I’ve long been a fan of doing things as efficiently and effectively as possible — with a particular focus on applying these principles to tough dealership management problems.
Of late, the top used vehicle challenge has been sourcing the right vehicles for a dealership and its marketplace. I speak daily with used vehicle managers who feel like a dog chasing its tail — an awful lot of energy and effort, with little to show for it.
Let’s address the sourcing problem head-on. First, a caveat: There’s a direct correlation between the severity of a sourcing problem at a dealership and the degree to which its used vehicle manager deploys technology and tools to help find and source the vehicles. Likewise, sourcing vehicles is more challenging at dealerships where used vehicle managers fail to regard their inventory management as “provisioning,” or the accounting of market supply, demand and sales dynamics when they opt to acquire vehicles.

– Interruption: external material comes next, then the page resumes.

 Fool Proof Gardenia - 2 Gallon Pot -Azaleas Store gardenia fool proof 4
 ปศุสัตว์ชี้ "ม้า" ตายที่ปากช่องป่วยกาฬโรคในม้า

Typically, the most sourcing-challenged used vehicle managers are doing “more of the same” — which often comes down to going more frequently to the same auctions looking for largely the same vehicles, or deploying more buyers at a wider array of physical auctions.
Yet, they still come up dry. Why? It’s because some of the more desirable vehicles simply don’t roll through conventional auctions anymore. The online wholesale marketplace is increasingly the “go to” venue to efficiently find and source vehicles, not physical auctions.

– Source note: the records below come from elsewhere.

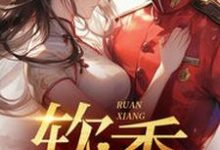 寻找能够免费阅读不是大哥，你兜这大一圈就为娶我小说的平台-艾米文学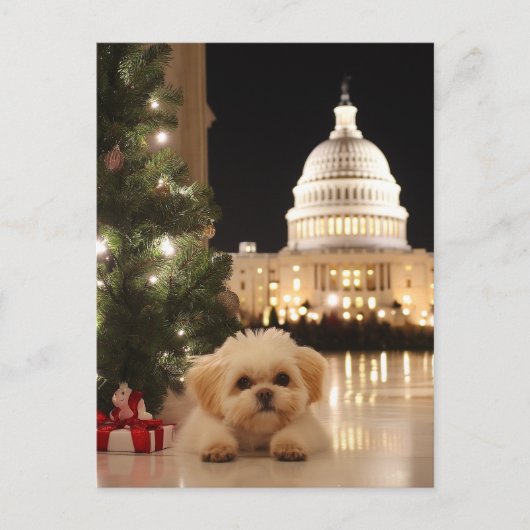 US Capitol Hill Christmas Briefkaart hond (Voorkant)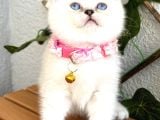 Panda Surat Dişi British Shorthair Bebek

I’m not suggesting physical auctions don’t merit time and attention. They do. It’s just that used vehicle managers who rely most on physical auctions — and especially those who dismiss today’s technology and tools — are making sourcing more difficult than it needs to be.

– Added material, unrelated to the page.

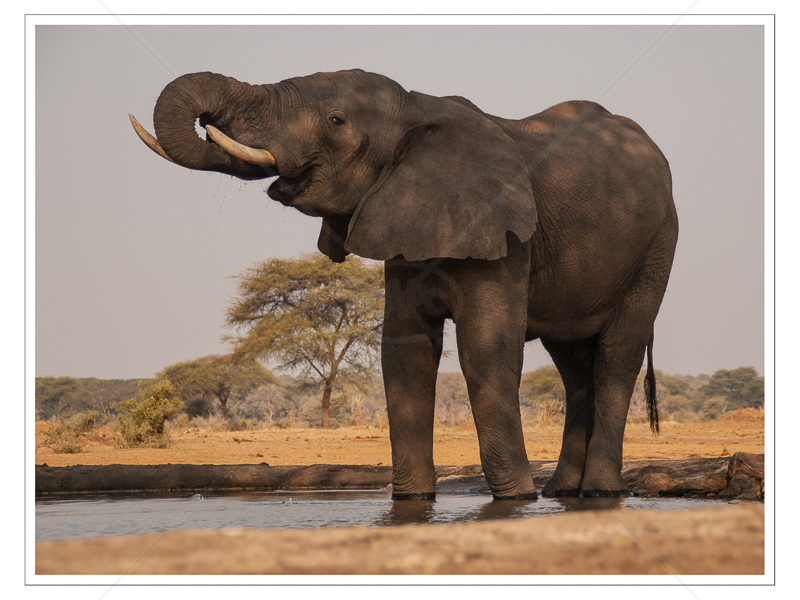 Elephant at Senyati Water Hole by Rachel Owen - HC (Int Col)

So, part of the solution for today’s sourcing problem absolutely requires the use of technology and tools to be effective and efficient at acquiring vehicles. The rest of the solution flows from understanding and adopting a “provisioning” mindset.
The Three “W’s” of Provisioning
Used vehicle managers who take a “provisioning” mentality have a precise vision for the vehicles they should pursue and the wholesale prices they should pay. This gives them a razor-sharp focus as they use technology and tools to efficiently source the vehicles at online and other auctions.
There are three basic questions that provide the foundation for “provisioning”:
What are the “right” cars for my store?
As I’ve written before, the possibilities here should not be limited by the biases and emotions of a used vehicle manager. If you’re a Ford dealer, there’s no reason not to sell Buicks or Hyundais if they make sense for your market. Today, it’s essential to know every vehicle that makes sense, down to the make, model, trim and options configurations, and pick those that are “right” for you. This means having a firm handle on real-time data on all the vehicles consumers are shopping for and buying in your market area, not just at your dealership. Used vehicle managers shouldn’t do this by instinct — especially when today’s technology efficiently serves up the sure-fire winners for a store.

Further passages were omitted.